# Fighting :/



## RavennaHallowed (Jul 6, 2013)

So about a week ago I tried to put Gingerbread (Fawn Doe)and Bubble (Black Tan Doe), in with Pudding (Black Pied Doe) and Fudge (Dove Pied Doe) so I could have an all doe cage. Ginger and Bubble are best friends, as are Pudding and Fudge, but I needed cage space so tried to put them all together.. Well... Things did NOT go to plan. Both Pudding and Fudge ganged up on Ginger and cornered her to attack her. Lots and LOTS of squeaking and they were not going to stop, so had to seperate. I did a complete cage clean prior to trying the introduction, so there was no smells or anything from any other mouse.

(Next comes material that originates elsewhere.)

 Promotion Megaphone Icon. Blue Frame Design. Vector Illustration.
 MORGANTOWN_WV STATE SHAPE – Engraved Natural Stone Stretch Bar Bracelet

A couple of days after this, I decided to wean a litter of 3 week old bubs, due to their foster mother having a gutful of them.(Babies are actually Puddings, but she kept killing them, so had to foster them over to another doe, who had already been feeding her own babies for 3 weeks, which had to be weaned so I wouldn't lose puddings litter. Terribly stressful week that was :/) Well, I decided, since Fudge and Pudding seemed to not want any other cagemates, I'd Put Kidd(Black Tan Doe and foster mum) In with Ginger and Bubble....This did NOT end well, with Kidd trying to murder Bubble(Who is her daughter). So now I've got Kidd, Fudge and Pudding in one cage, and Ginger, Bubble, Champers and Pop(Last two are from the foster litter, both does) in another cage...*Grumble-Grumble*

Does anyone else have does who REFUSE to get along with other Does!?


----------



## NikiP (May 7, 2013)

Yep! I've got one who is worse.

Had three does together, a self recessive yellow, self blue, & a black pied. Took the RY out to be bred to one buck & the other two to another buck.

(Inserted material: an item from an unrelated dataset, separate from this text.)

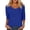 Blue, variant on Blouses for Women 3/4 Sleeve Casual Solid Color Print Neck Low Cut T Shirt Top Casual Basic Tee S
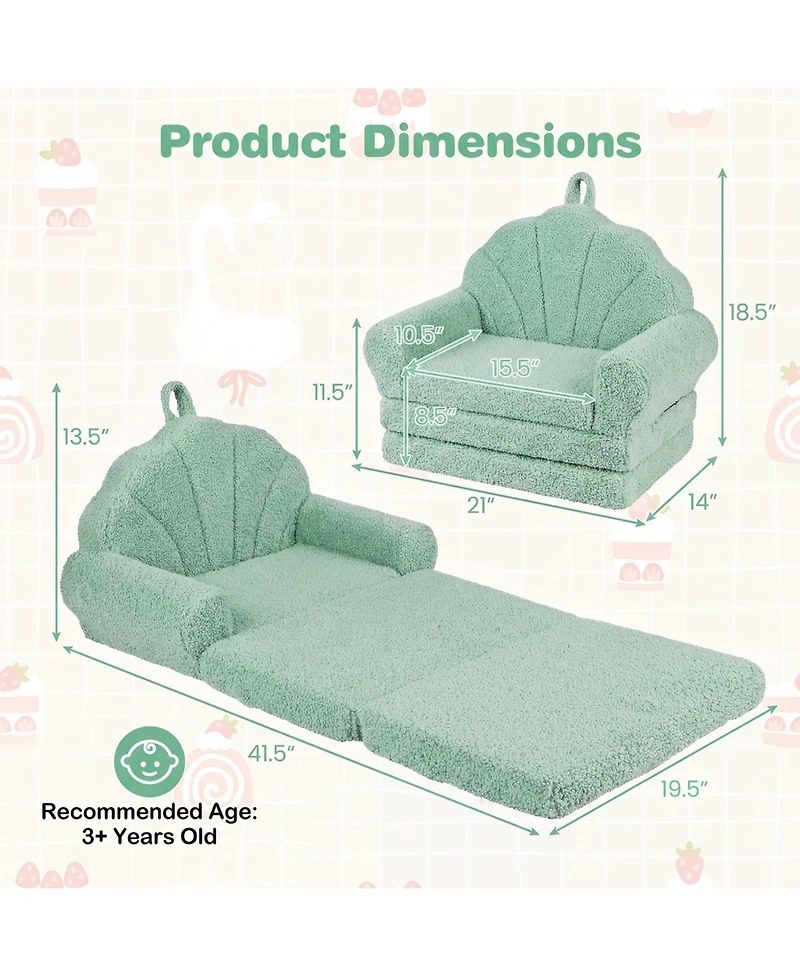 Slickblue 2-in-1 Convertible Kids Sofa Chair with Fold-Out Toddler Bed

Tried reintroducing them. The black pied was having none of it. Like tag wagging straight for the genitals.

So the blue ended up losing her litter & they both raised the black pied's litter with no issues.

Decided to try adding the blue, the black pied, & the black pied's daughter to my new communal tub. Nope nope nope. Tail wagging genital aimed attacks on my young females. So I removed her & her buddy, left the daughter so she could learn better manners then mom.

Had to take the blue out for breeding. Tried reintroducing & immediately removed her at the first flick of the tail, her eye had gone hard & I knew an attack was coming :evil:

Her babies appear to be of a much better temper. She herself will be culled.


----------



## RavennaHallowed (Jul 6, 2013)

Oh WOW! I'm glad mine aren't quite that bad... I'm tossing up wether to breed pudding and fudge when I breed ginger shortly.. Puddings babies, having been raised by my (nervous) but AMAZING foster Doe, are all even tempered and get along with anything... I usually Cull anything that causes me trouble, due to lack of space to seperate fighting mice(I don't keep males, unless they are going to be doing stud duty, then they are housed alone anyway) So hrm :/


----------



## pro-petz (Nov 14, 2012)

couple of options open to you.
1: seperate all does into individual cages for a week (not viable if lack of cages)
2: do not clean cages but swap does around in the pairs into other pairs cage (get them used to scent of other does)
3: mix the pairs up putting dominants together after option 2
3a: mix the pairs up so that not with original cage mate
3b: place all together in one cage


----------



## RavennaHallowed (Jul 6, 2013)

Thanks Pro-petz. Bubble, Pop and Champers are going to move out of the mouse shed and into my boyfriends house this week, so I'm a bit worried about Ginger being on her own. I originally wanted to put her with my doe, Kidd, but couldn't with Bubble there... I might see how they go together once the young ones have gone back to my boyfriends.


----------



## Seafolly (Mar 13, 2012)

I had some trouble reintegrating a doe into the doe bin after she had a litter (weaned). It was recommended to me that she spend a week on her own so I tried that. Unfortunately she died after 6 days of this so I suspect her behaviour was related to feeling unwell. However, my point it I'm told it's not uncommon for a doe to need time between living with her babies and living with other does.


----------



## PPVallhunds (Jul 26, 2010)

I've had a doe who would bully New does at first, I just cleaned the cage and put in tones of toilet roll tubes so if a fight broke out the other doe could run and break the line of sight, after a day or two if of some mild chasing and squeaking she would settle down and accept them.


----------